The specific description of the above steps is as follows:
the data set sample sequence takes a common motif A as a center, the front and back value windows are bp with different sizes, taking 3 differences of x1bp, y1bp and z1bp as an example, namely each m is 1 A positive/negative sample consists of xbp, ybp, zbp, and when there is no base in some position in the sample sequence, the missing base is filled with a '-' character, and the patent assumes x1=10, y1=15, z1=20, and thus, x =21,y =31,z =41; the base sequence is firstly subjected to word2vec word embedded coding, then directly subjected to position coding, and then passes through a coding module which is composed of 3 codesEach coding block comprises a multi-head cross attention mechanism Layer and a forward feedback propagation network, and each Layer is connected through a Residual Connection (Residual Connection) and a standardization Layer (Layer Normalization), the Residual Connection is used for preventing the network from degrading, and the problem of gradient disappearance can be avoided. The normalization layer is used to normalize the activation values of each layer. As shown in fig. 1.
Wherein the dimension d of the input and output of the coding module model =64, multiple number h =8, forward feedback network dimension d _ ff =256, dropout =0.1, dropout means that, in the training process of the deep learning network, for a neural network unit, the neural network unit is temporarily discarded from the network according to a certain probability.
The input is the base sequence with label, the sentence input from the encoder will first pass through a multi-head cross attention layer, the multi-head representation is executed many times. The sequence a, the sequence b and the sequence c are respectively a set consisting of sequences with different scales of length xbp, ybp and zbp, so that the cross attention in a coding block means that the first sequence is used as query (query) input, and the other sequence is used as key (key) input and value (value) input for performing attention calculation, as shown in fig. 2. Finally, the output results of the 3 attentions are added up as the output of the cross-attention layer, as shown in fig. 3.
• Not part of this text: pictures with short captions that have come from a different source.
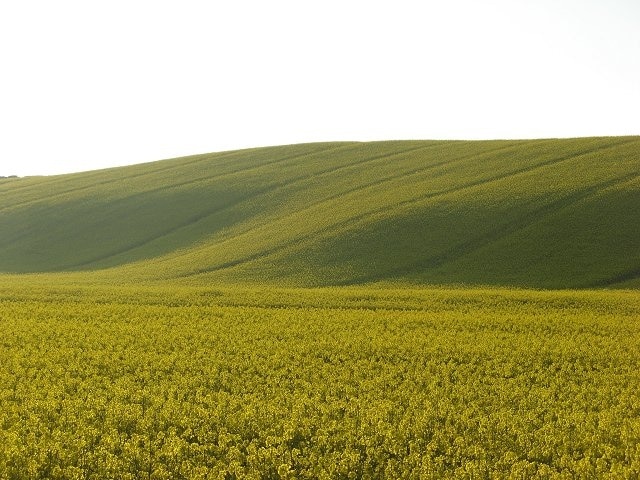 Selby's Hill 2007 was a yellow year. Big subsidies for oil seed rape has led to many acres being planted. With biofuels being fashionable this is going to continue to be a familiar sight.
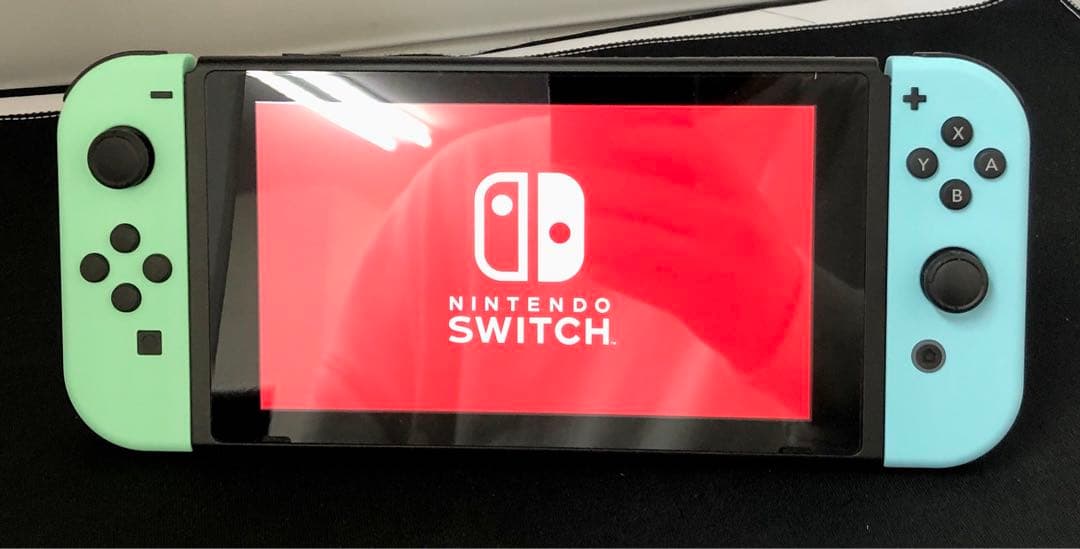 s*h様 ニンテンドースイッチ Nintendo Switch どうぶつの森モデ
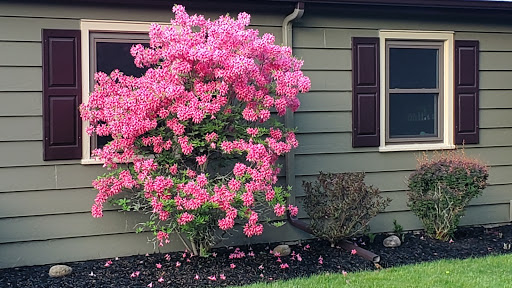 Coffee Shop «Starbucks», reviews and photos, 944 Fairmount Ave, Jamestown, NY 14701, USA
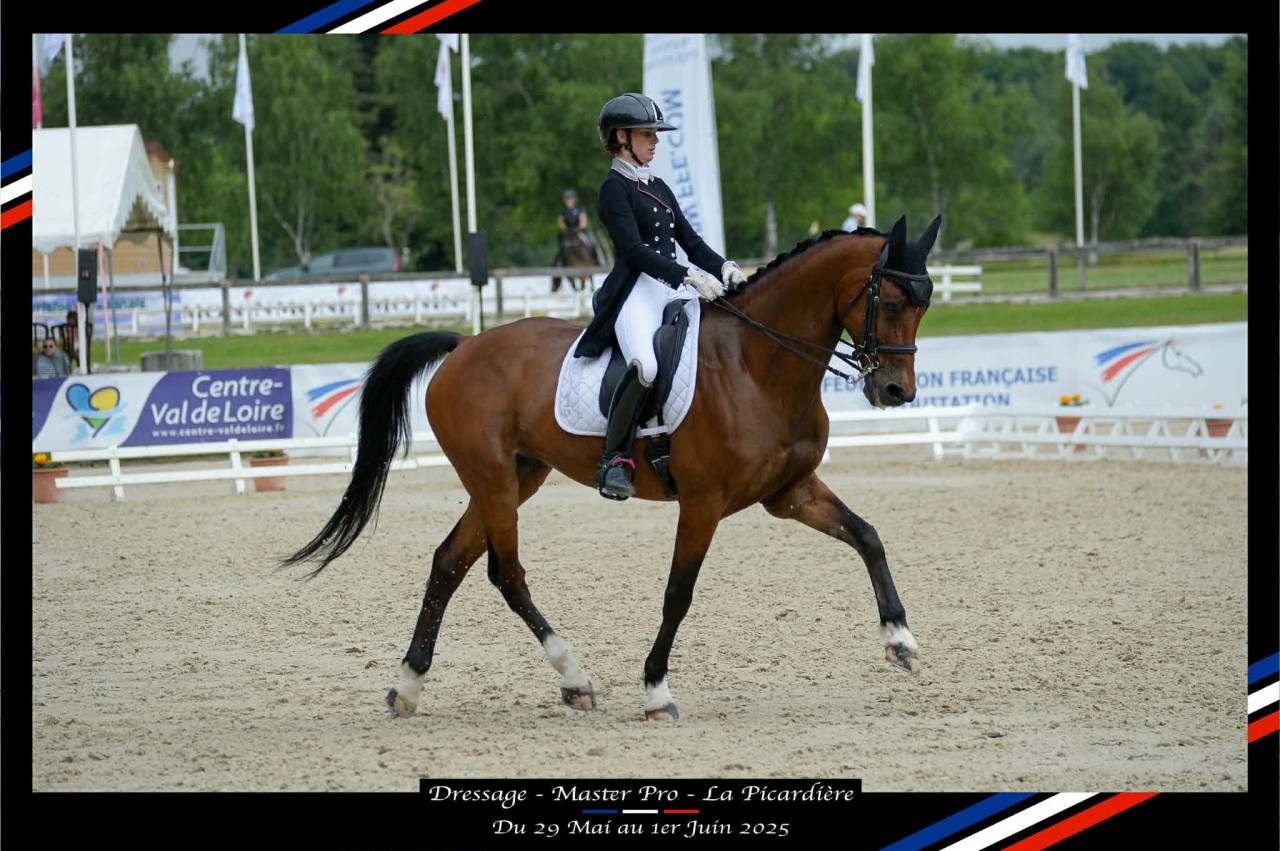 Caballo castrado BWP Caballo de Sangre Belga En venta 2011 Bayo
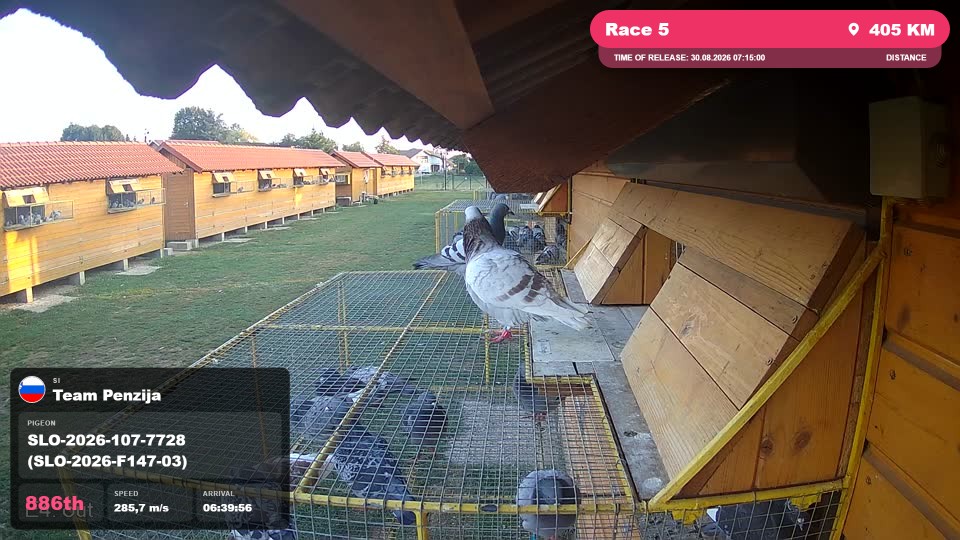 Pigeon Arrival Image For Race Race 5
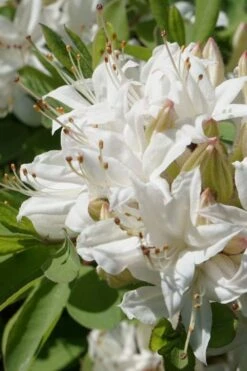 Swamp Azalea (Rhododendron Viscosum) - 3 Gallon Pot -Best Plant Shop rhododendron viscosum swamp azalea 1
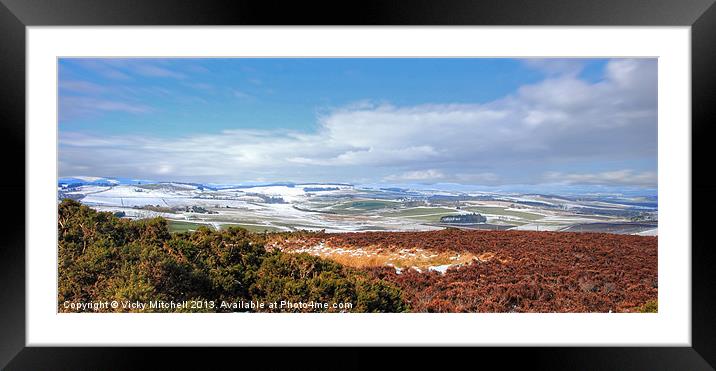 From Brimmond Hill 2 Framed Mounted Print by Vicky Mitchell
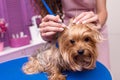 Professional groomer in apron cleaning ears of cute small furry dog Royalty Free Stock Photo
The cross-attention input is two different sequences, one of which is used as a query input and the other as a key and value input.
A specific algorithm of the cross-attention mechanism is shown in fig. 2, where one sequence is a sequence a, the other sequence is a sequence b, the sequence a is used as a query input (query), and in order to capture each value (value) in the sequence b, each key (key) in the sequence b is required to correspond to the value (value).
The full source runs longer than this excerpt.